Collected data entries

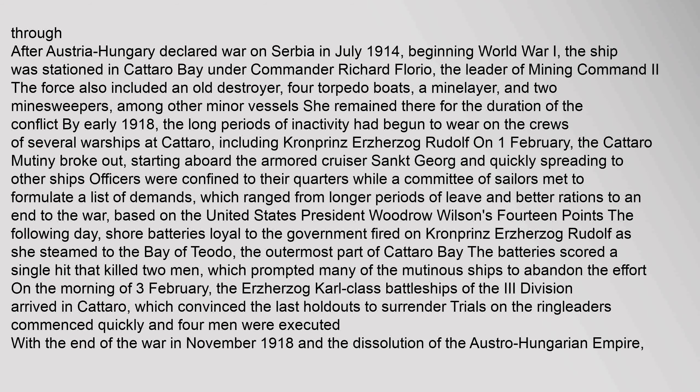By early 1918, the long periods of inactivity had begun to wear on the crews of several warships at Kataro, including Kronprins Erzherzog Rudolf. On 1 February, the Kataro mutiny broke out, starting aboard the armored cruiser Sankt Georg and quickly spreading to other ships. Officers were confined to their quarters while a committee of sailors met to formulate a list of demands, which ranged from longer periods of leave and better rations to an end to the war, based on U.S. President Woodrow Wilson's 14 Points. The following day, shore batteries loyal to the government fired on Kronprins Erzherzog Rudolf as she steamed to the bay of Teodo, the outermost part of Kataro Bay. The batteries scored a single hit that killed two men, which prompted many of the mutinous ships to abandon the effort.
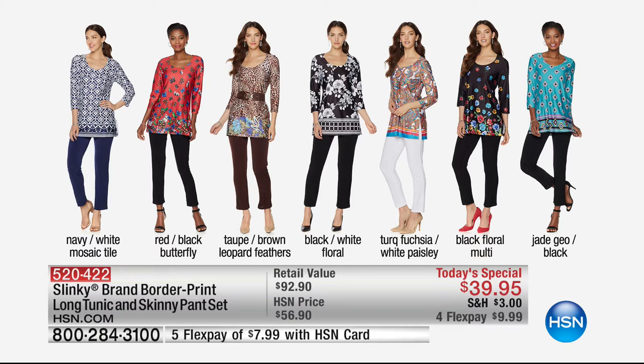Many of you are using express ordering to call in for those jeans — don't forget to choose average, petite, and tall. A lot of you are also picking up our Today's Special, which I'm so happy to hear. How many have been spoken for at $39.95? $19,200 have already been spoken for. Four flexible payments of $9.99. All the beautiful colors — I am wearing the floral with the black, it's so comfortable with lots of stretch. We're going to check in with Brett for a spotlight and we'll be right back.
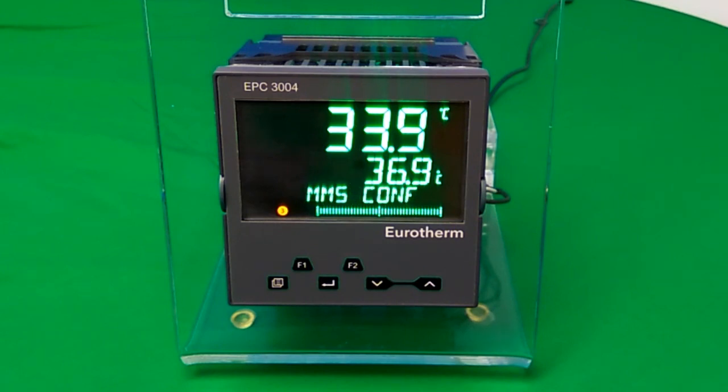This demo will show you how to use the front panel of the EPC3000 to alter the security settings, such as the passcodes and warning messages. The EPC3000 needs to be put into config mode to do this, so it is important to remember that it will not control whilst in config mode.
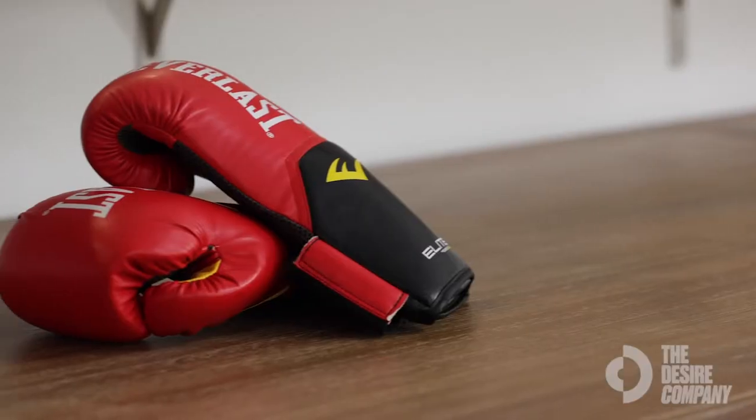I've had boxing gloves in the past where within the first two to three months of sparring the strap would break. I have not used any other products since discovering Everlast within the past year, and I don't see myself switching over anytime soon.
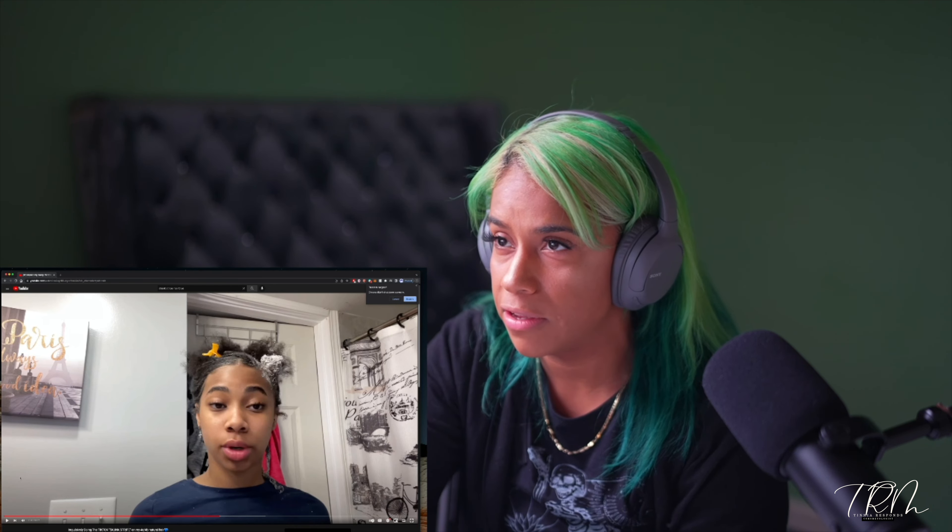Fifteen minutes later she takes it out to check. She shouldn't be touching it with her bare hand. As I told you, the lightener looks white or blue when it's on — it changes the tonal value. She is at a level 7 right now. A level 8 is the outside of the banana; this is a little bit darker than that. After rinsing, her hair looks very golden. This is not going to give her blue — it's going to be turquoise.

THE PROBLEM:
Output the lines above in full and exactly as given, omitting any pictures.

FINAL ANSWER:
By early 1918, the long periods of inactivity had begun to wear on the crews of several warships at Kataro, including Kronprins Erzherzog Rudolf. On 1 February, the Kataro mutiny broke out, starting aboard the armored cruiser Sankt Georg and quickly spreading to other ships. Officers were confined to their quarters while a committee of sailors met to formulate a list of demands, which ranged from longer periods of leave and better rations to an end to the war, based on U.S. President Woodrow Wilson's 14 Points. The following day, shore batteries loyal to the government fired on Kronprins Erzherzog Rudolf as she steamed to the bay of Teodo, the outermost part of Kataro Bay. The batteries scored a single hit that killed two men, which prompted many of the mutinous ships to abandon the effort.
Many of you are using express ordering to call in for those jeans — don't forget to choose average, petite, and tall. A lot of you are also picking up our Today's Special, which I'm so happy to hear. How many have been spoken for at $39.95? $19,200 have already been spoken for. Four flexible payments of $9.99. All the beautiful colors — I am wearing the floral with the black, it's so comfortable with lots of stretch. We're going to check in with Brett for a spotlight and we'll be right back.
This demo will show you how to use the front panel of the EPC3000 to alter the security settings, such as the passcodes and warning messages. The EPC3000 needs to be put into config mode to do this, so it is important to remember that it will not control whilst in config mode.
I've had boxing gloves in the past where within the first two to three months of sparring the strap would break. I have not used any other products since discovering Everlast within the past year, and I don't see myself switching over anytime soon.
Fifteen minutes later she takes it out to check. She shouldn't be touching it with her bare hand. As I told you, the lightener looks white or blue when it's on — it changes the tonal value. She is at a level 7 right now. A level 8 is the outside of the banana; this is a little bit darker than that. After rinsing, her hair looks very golden. This is not going to give her blue — it's going to be turquoise.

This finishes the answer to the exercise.